Work order »
In the records below, find the line holding "A luxurious living" and the line holding "Boston Tech Lámpara". Set down both, with every line between them, exactly.

Start of Data to use

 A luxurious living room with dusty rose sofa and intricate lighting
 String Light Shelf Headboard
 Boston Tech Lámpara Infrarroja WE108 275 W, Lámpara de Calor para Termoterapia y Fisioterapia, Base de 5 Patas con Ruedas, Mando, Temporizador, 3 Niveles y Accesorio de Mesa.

End of Data to use
Start of Data to use

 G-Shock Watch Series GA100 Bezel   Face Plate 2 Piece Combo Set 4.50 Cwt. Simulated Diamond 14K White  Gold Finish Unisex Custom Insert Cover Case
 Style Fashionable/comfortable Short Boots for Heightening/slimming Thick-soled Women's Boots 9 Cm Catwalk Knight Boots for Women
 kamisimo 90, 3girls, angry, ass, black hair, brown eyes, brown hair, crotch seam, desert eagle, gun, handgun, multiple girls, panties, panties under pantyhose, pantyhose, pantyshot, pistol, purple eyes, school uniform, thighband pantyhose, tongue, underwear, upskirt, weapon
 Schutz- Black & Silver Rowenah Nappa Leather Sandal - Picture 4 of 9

End of Data to use
Start of Data to use

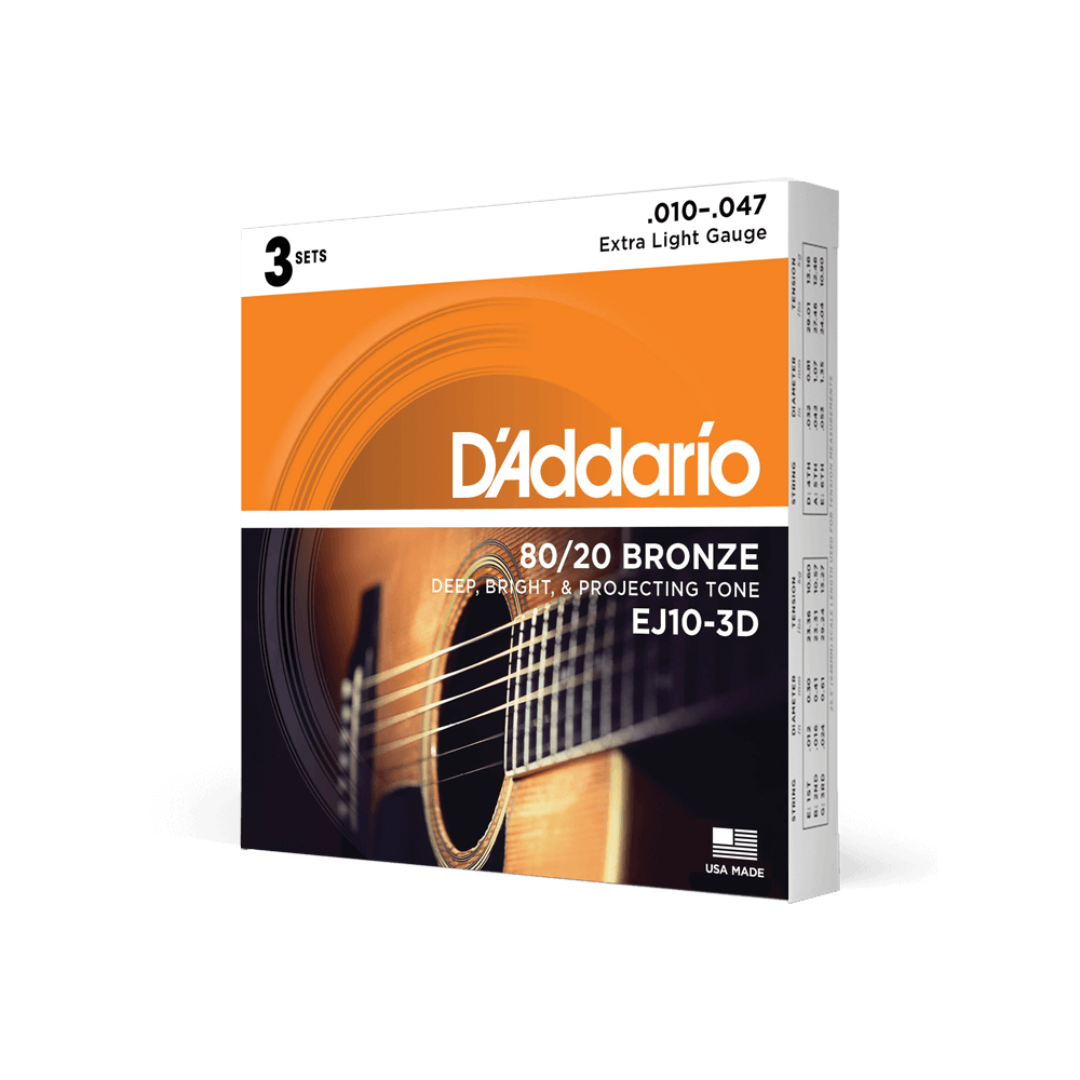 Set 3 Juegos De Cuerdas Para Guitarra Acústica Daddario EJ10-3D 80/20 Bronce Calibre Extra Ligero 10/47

End of Data to use

Solution to this task »
 A luxurious living room with dusty rose sofa and intricate lighting
 String Light Shelf Headboard
 Boston Tech Lámpara Infrarroja WE108 275 W, Lámpara de Calor para Termoterapia y Fisioterapia, Base de 5 Patas con Ruedas, Mando, Temporizador, 3 Niveles y Accesorio de Mesa.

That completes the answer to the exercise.